PPP-Modelle, Crowdfunding: Dass die Banken das billige Geld an die Wirtschaft weitergeben, scheint nach wie vor für Sie keine Option zu sein?

Ende Oktober werden die Ergebnisse von den Stresstests auf dem Tisch liegen. Und wie ich höre, haben unsere Banken ihre Hausaufgaben grosso modo gemacht. Somit erwarte ich mir schon einen gewissen Vertrauensimpuls. Das wird uns auch helfen.

Aber Unternehmen investieren nur, wenn sie auch Marktchancen sehen.

Ich fahre (am heutigen Sonntag, Anm.) gemeinsam mit Außenminister Kurz, Wirtschaftskammerpräsident Leitl und mit einer großen Delegation nach China. Auch führende Wissenschaftler werden mich begleiten. Dort werden wir versuchen, all unsere Potenziale auszuschöpfen.

Aber in China wachsen die Bäume auch nicht mehr in den Himmel.

Aber sie wachsen immerhin. Sieben Prozent Wirtschaftswachstum ist trotzdem beachtlich. Österreichs Exporte wachsen heuer um 1,5 Prozent, Exporte nach China um zehn Prozent. Wir sind da auf einem wirklich guten Weg.

Wird es konkrete Geschäftsabschlüsse oder Verträge mit China geben?

Ich werde mehrere Verträge abschließen, die vorwiegend die Wissenschaft betreffen, aber auch die Wirtschaft. Und wir werden den stellvertretenden Ministerpräsidenten treffen.

Aber eigentlich müssten Sie mit einer Delegation in die USA reisen. Denn nicht China, sondern Amerika ist mittlerweile die treibende Kraft der Weltwirtschaft.

Stimmt. Wir sind ja froh, dass die Amerikaner dieses Momentum nützen, dass die US-Notenbank Fed an den niedrigen Zinsen festhält und der Arbeitsmarkt in den USA funktioniert. Aber es wird leider auch klar ersichtlich, dass es Europa nicht gelungen ist, der am stärksten wissensbasierte Wirtschaftsraum zu werden. Da haben wir gravierenden Nachholbedarf.

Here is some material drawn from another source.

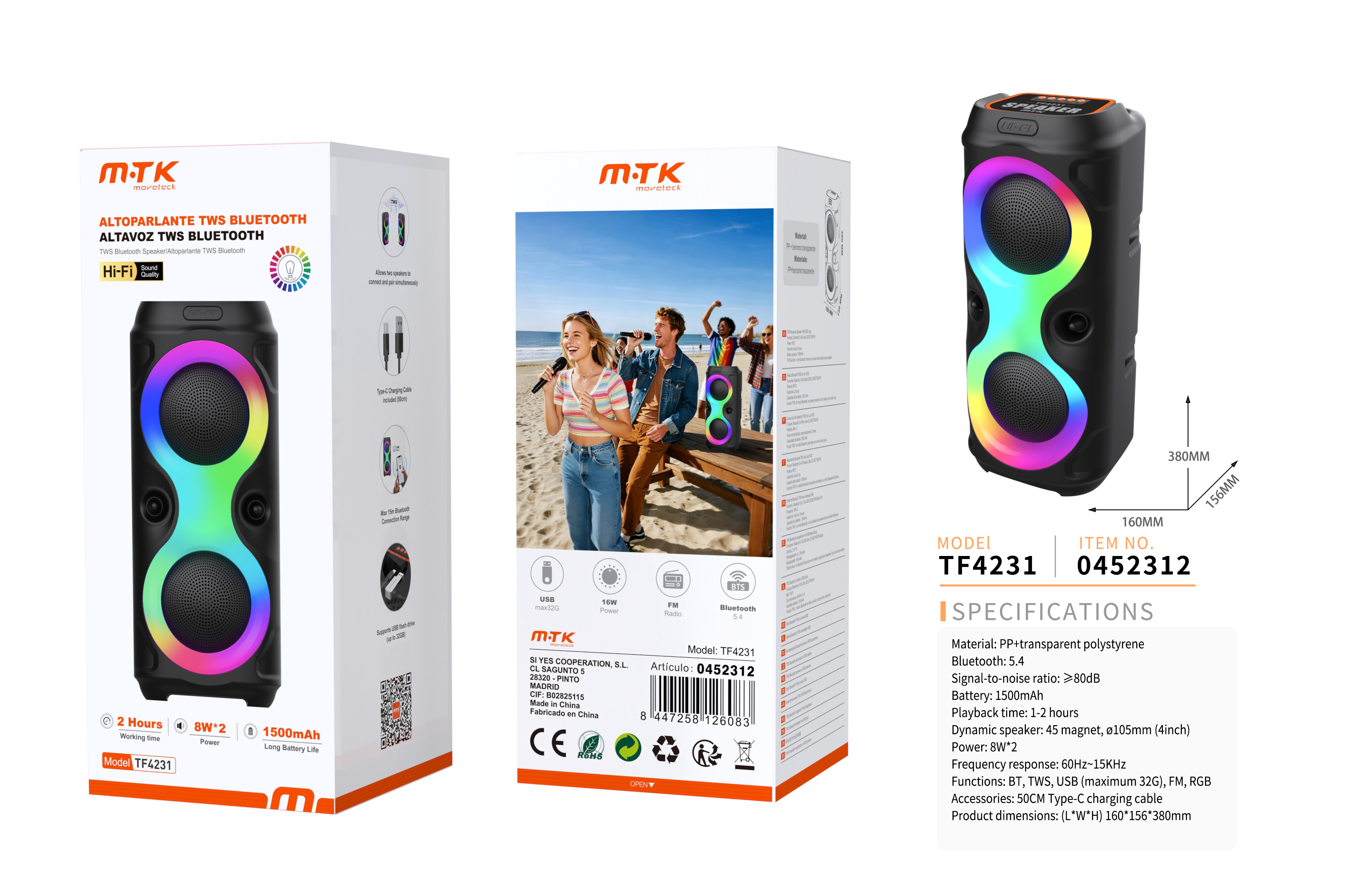 TF4231 NE Altavoz TWS RGB con sonido HIFI Bateria 1500mAh/8W*2 con 1-2H de autonomia Soporta USB/FM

Dafür sind wir den USA bei den Umweltauflagen weit überlegen.

Ich hab erst jüngst wieder eine Aussendung der Grünen gelesen, wonach die EU bei den Klima- und Energiezielen zu weich sei. Ich glaube auch, dass wir entsprechende Vorgaben brauchen, wir müssen aber in Österreich nicht päpstlicher als der Papst sein. Wenn es etwa darum geht, dass Gasthäuser bei Lebensmitteln die Allergiewerte angeben müssen. Das bringt die Leute auf die Palme. Sogar bei Sparvereinen will man die Liste der Mitglieder dokumentieren, damit da keine Schwarzgelder gewaschen werden.

So viel zum Thema Entbürokratisierung.

Für mich ist aber der Abbau von Bürokratie das Thema Nummer eins.

Wo spart der Wirtschaftsminister selbst Bürokratie ein?

In den Unternehmen. Wir haben schon damit begonnen. Wenn der Hebebühnenwärter nicht mehr erforderlich ist, sparen Österreichs Betriebe 25 Millionen Euro ein. Wir wollen mehr Flexibilisierung und weniger Genehmigungen.

Weil von Sparen und Ministern die Rede ist: Haben Sie ein wenige Mitgefühl mit Ihrem Ministerkollegen Klug?

Ich glaube, beim Heer geht es nicht nur darum, budgetäre Vorgaben zu erfüllen. Dies so darzustellen, finde ich falsch. Es geht auch darum, dass sich das Bedrohungsbild aufgrund der geopolitischen Lage verändert hat. Und auch in der Regierung arbeiten wir anders: Früher wäre auf Mord und Brand über das neue System gestritten worden. Jetzt herrscht zumindest Konsens, das Thema rasch erledigen zu wollen. Und die Öffentlichkeit hat das Ventil genutzt, sich über die Musikkapellen zu alterieren.

Steckbrief

1. 9. 2014
Amtsantritt von Reinhold Mitterlehner (ÖVP) als neuer Vizekanzler. Bereits seit März dieses Jahres ist der Jurist Minister für Wissenschaft und Wirtschaft.

26. 8. 2014
Nach dem blitzartigen Rücktritt von Michael Spindelegger wurde Mitterlehner vom ÖVP-Bundesparteivorstand als neuer ÖVP-Obmann designiert. Die offizielle Wahl ist bei einem Bundesparteitag am 8.November dieses Jahres in Wien vorgesehen.

2. 12. 2008
Der frühere Vizegeneralsekretär der Wirtschaftskammer und ÖVP-Nationalratsabgeordnete, der am 10. Dezember 1955 in Helfenberg im oberen Mühlviertel geboren wurde, zog als Wirtschaftsminister erstmals in die SPÖ-ÖVP-Regierung ein.